Defendants argue that the Court should deny leave to amend for two reasons. First, they argue that justice does not require the Court to grant leave because SSI's proposed negligence claim merely duplicates SSI's existing malpractice and fiduciary duty claims. Defendants do not cite any authority for this proposition or tie this duplicative pleading argument to any of the factors justifying dismissal discussed above. Moreover, as SSI points out, the elements of the proposed negligence claim do not facially require SSI to prove an attorney client relationship. Compare Townsend v. Pierre, 221 N.J. 36, 51, 110 A.3d 52, 61 (2015) (“To sustain a cause of action for negligence, a plaintiff must establish four elements: ‘(1) a duty of care, (2) a breach of that duty, (3) proximate cause, and (4) actual damages.'” (quoting Polzo v. Cnty. of Essex, 196 N.J. 569, 584, 960 A.2d 375 (2008))) with McGrogan v. Till, 167 N.J. 414, 425, 771 A.2d 1187 (2001) (“The elements of a cause of action for legal malpractice are (1) the existence of an attorney-client relationship creating a duty of care by the defendant attorney, (2) the breach of that duty by the defendant, and (3) proximate causation of the damages claimed by the plaintiff.”). Thus, Defendants' first argument lacks legal and factual basis.

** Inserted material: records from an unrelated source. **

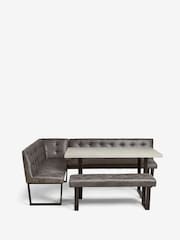 Monza Faux Leather Dark Grey Curtis Left Hand Corner Dining Table and Bench Set - Image 4 of 5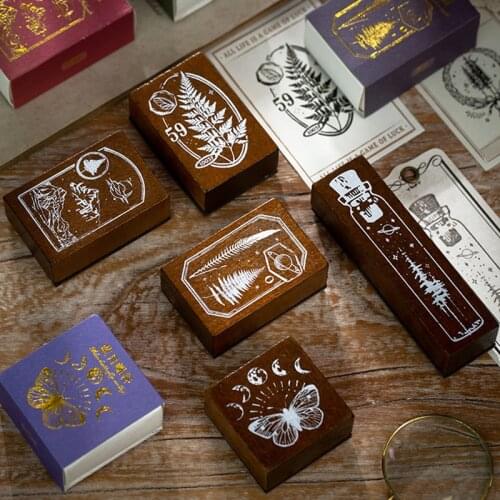 Vintage Cork Bottle Butterfly Fern Decoration Stamp Wooden Rubber Stamps For Scrapbooking Stationery DIY Craft Standard Stamp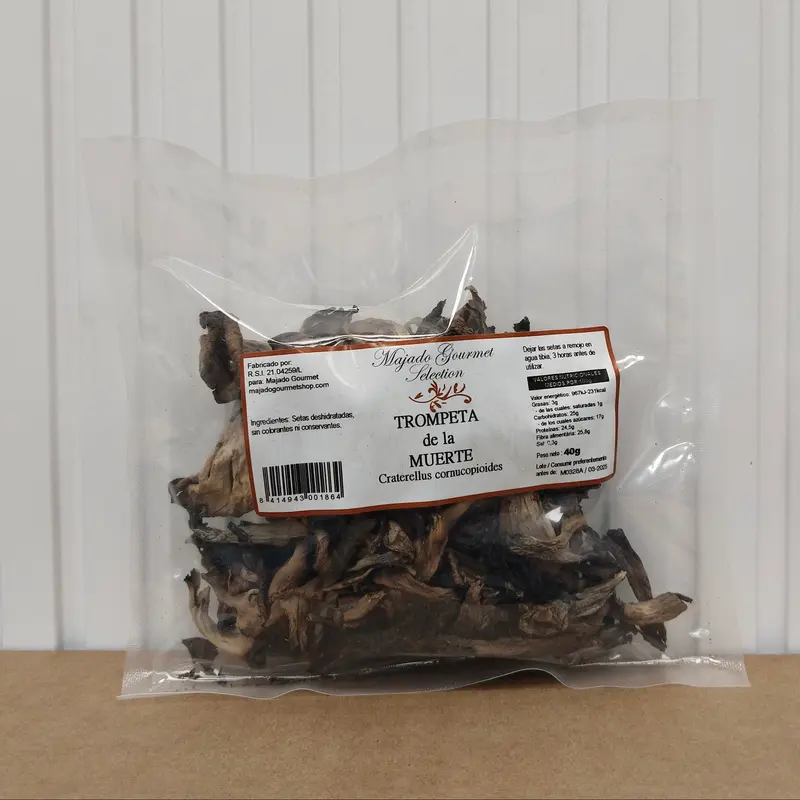 Setas deshidratadas - Trompeta de la muerte  (Craterellus cornucopioides) - 40Gr.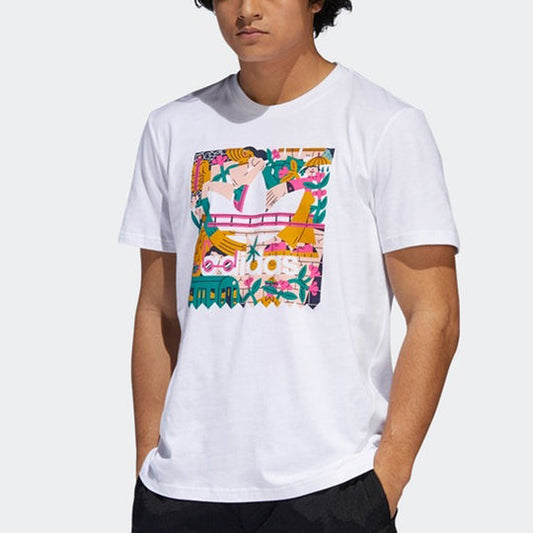 Ao Thun adidas originals Casual Cozy Round Neck Short Sleeve White DU8362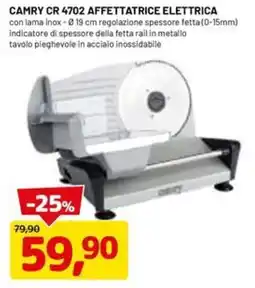 DPiù CAMRY CR 4702 AFFETTATRICE ELETTRICA offerta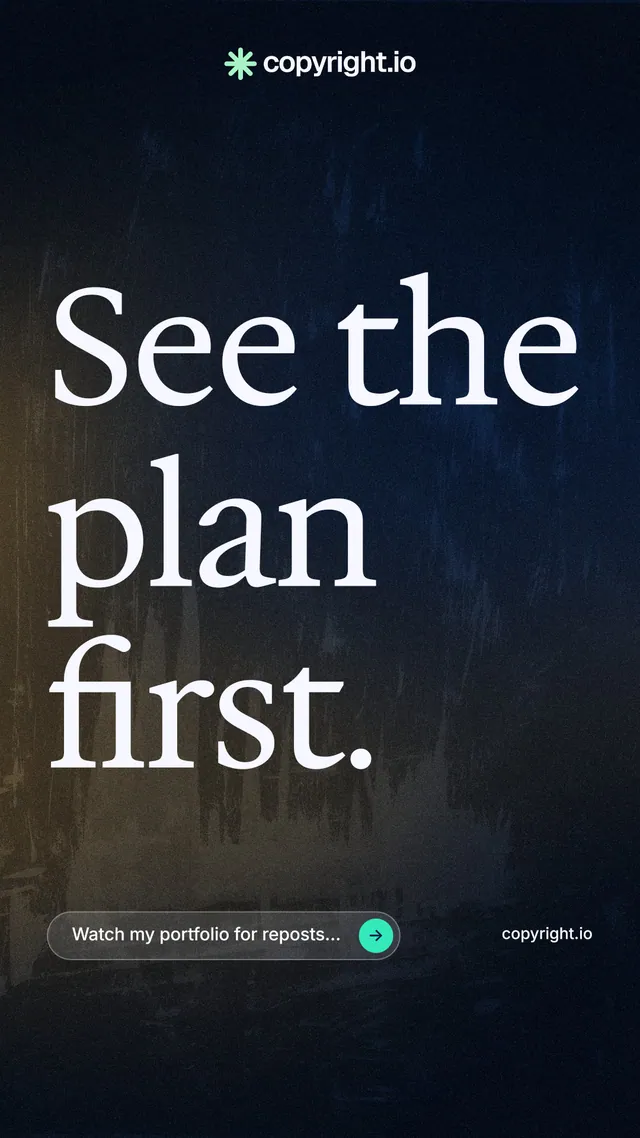 Instagram story for copyright.io: "See the plan first." Agentic glass style, poster layout, dark palette in black, blue, grey.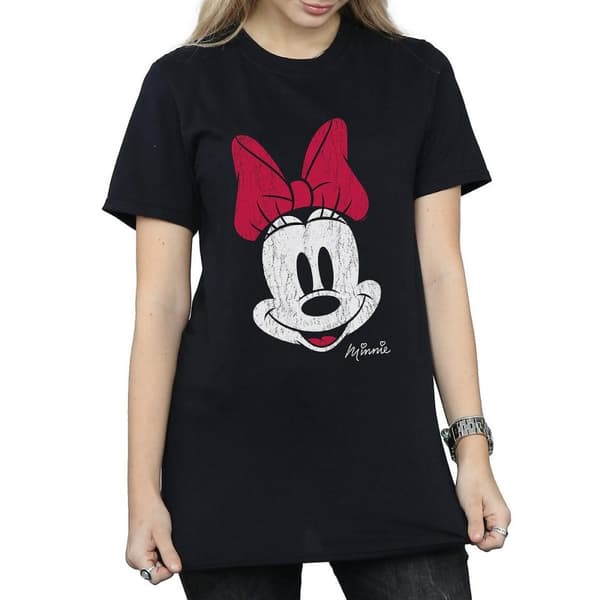 Disney Womens/Ladies Mickey Mouse Distressed Cotton Boyfriend T-Shirt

Second, Defendants argue that permitting amendment would unduly delay the case, cause hardship to Defendants, and waste judicial resources. [See Dkt. 35]. The Court disagrees. Although SSI has already amended its pleadings once, Defendants themselves acknowledge that the first amendment only addressed jurisdictional deficiencies and not SSI's substantive claims. [See Dkt. 35 at 8-9]. Thus, SSI has not “repeated[ly] fail[ed] to cure deficiencies by amendments previously allowed.” Mullin, 875 F.3d at 149. Defendants also acknowledge that the proposed negligence claim will likely involve the same facts as the malpractice and fiduciary duty claims, and is therefore unlikely to expand discovery or otherwise harm Defendants. [See Dkt. 35 at 6-8].
Since Defendants will not suffer undue prejudice, the Court will grant SSI leave to file its Second Amended Complaint.
VI. Conclusion
For the reasons discussed above, the Court will deny Defendant's Motion to Dismiss, and will grant SSI's Motion for Leave. An appropriate order shall follow.